These two shows aren't even in the same league, however, so I don't think it's fair to compare them. Dexter has always been plot driven, incredibly easy story to follow and digest. I find it entertaining on a lot less of an emotionally invested level.

Breaking Bad, however, is very rich and full of layers. It doesn't feel like it's riding on rails as Dexter does. Bryan Cranston dishes out such an incredible performance as WW that just grips you.

I think a fairer comparison would be Boardwalk Empire vs Breaking Bad.


----------



## Meli24R (Dec 9, 2008)

I'm a fan of both, but overall Breaking Bad is much better.


----------



## yourfavestoner (Jan 14, 2010)

Early seasons? Dexter. Now? Breaking Bad

Two out of the last three seasons of Dexter have been atrocious. The writers have really lost it. I don't know for sure how it'll end with the last season, but I've certainly lost all faith in the writers to come up with a strong conclusion to the story.


----------



## Jig210 (Jan 24, 2013)

I've only seen the first 2-3 seasons of dexter so i'm going to have to go with breaking bad till I see the rest.


----------



## Diacetylmorphine (Mar 9, 2011)

Breaking bad is vastly superior, but Dexters pretty good too. I watch both.


----------



## prisonofmind (Apr 12, 2013)

This is an easy decision considering I think Dexter sucks and Breaking Bad is the best show on TV.


----------



## Luna Sea (Apr 4, 2012)

Breaking Bad has consistently been amazing; the only negative I can think of is the annoying splitting of the last season over 2 years. The last season of Dexter was so bad that I was relieved to see they were finishing it up; I hope they saved all their good ideas for the last season when they found out it was ending.


----------



## fonz (Oct 15, 2008)

Breaking Bad is of slightly higher quality I believe,but it has the advantage of only being 5 seasons...


----------



## gytar (Mar 9, 2013)

Dexter. They're both pretty good but Breaking bad is just getting too predictable and I can't relate to Walter anymore, he's gone off the rails. I still like Dexter though.


----------



## yourfavestoner (Jan 14, 2010)

gytar said:


> Dexter.
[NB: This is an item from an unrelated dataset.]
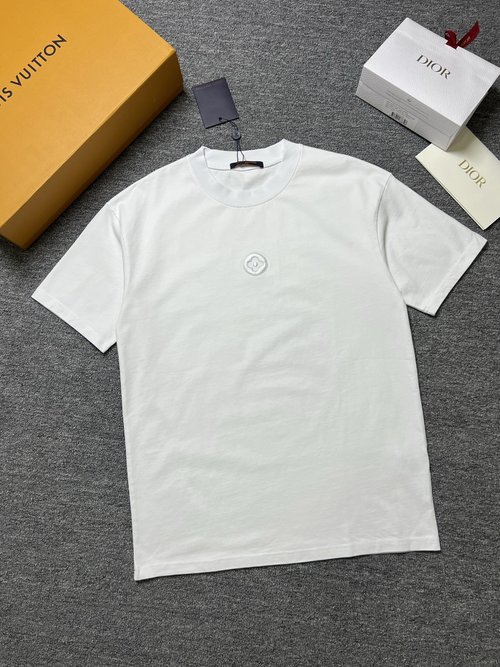 Louis Vuitton High-Quality Short-Sleeved T-Shirt in Black and White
They're both pretty good but Breaking bad is just getting too predictable and *I can't relate to Walter anymore, he's gone off the rails.* I still like Dexter though.


Yeah, that's one problem I have with Breaking Bad. Walt becomes totally unsympathetic and a total dickhead, and fast. It got to the point where I was rooting for Gus in season four.


----------



## Malek (Oct 4, 2012)

I like both, yet I've been more interested in Breaking Bad at the moment.

I like Jesse more than Walt. Also I don't really care for Walt's wife.


----------



## rawrguy (Mar 29, 2008)

#neither


----------



## Fanta can (Aug 13, 2011)

I must be the only person still rooting for Walt. I don't care if Jesse, Skylar and Hank all have to die for him to succeed.


----------



## misspeachy (Aug 11, 2011)

Oh gosh.. Dexter that was so awful, we had to watch the whole series during school..
I fell asleep every-time.
YAWN


----------



## always starting over (Mar 15, 2013)

LowKey said:


> I must be the only person still rooting for Walt. I don't care if Jesse, Skylar and Hank all have to die for him to succeed.


Lol. Vince Gilligan has said that The Sopranos had a major influence on Breaking Bad. I think he wanted to take it one step further and make Walt go from hero to villain, rather than stay an anti-hero throughout the series.

My prediction is that, at the very least, Walt kills Hank - and very deliberately in a calculated way. I think that would solidify him as a bona fide villian rather than just an anti-hero.


----------



## Fanta can (Aug 13, 2011)

always starting over said:


> Lol. Vince Gilligan has said that The Sopranos had a major influence on Breaking Bad. I think he wanted to take it one step further and make Walt go from hero to villain, rather than stay an anti-hero throughout the series.
> 
> My prediction is that, at the very least, Walt kills Hank - and very deliberately in a calculated way. I think that would solidify him as a bona fide villian rather than just an anti-hero.


I've heard the same thing. Apparently the plan is for Walt to be the bad guy in the end. One of the main themes of the show is definitely change. Walt describing chemistry as "the study of change" in the first episode was foreshadowing the transformation that the character would go through.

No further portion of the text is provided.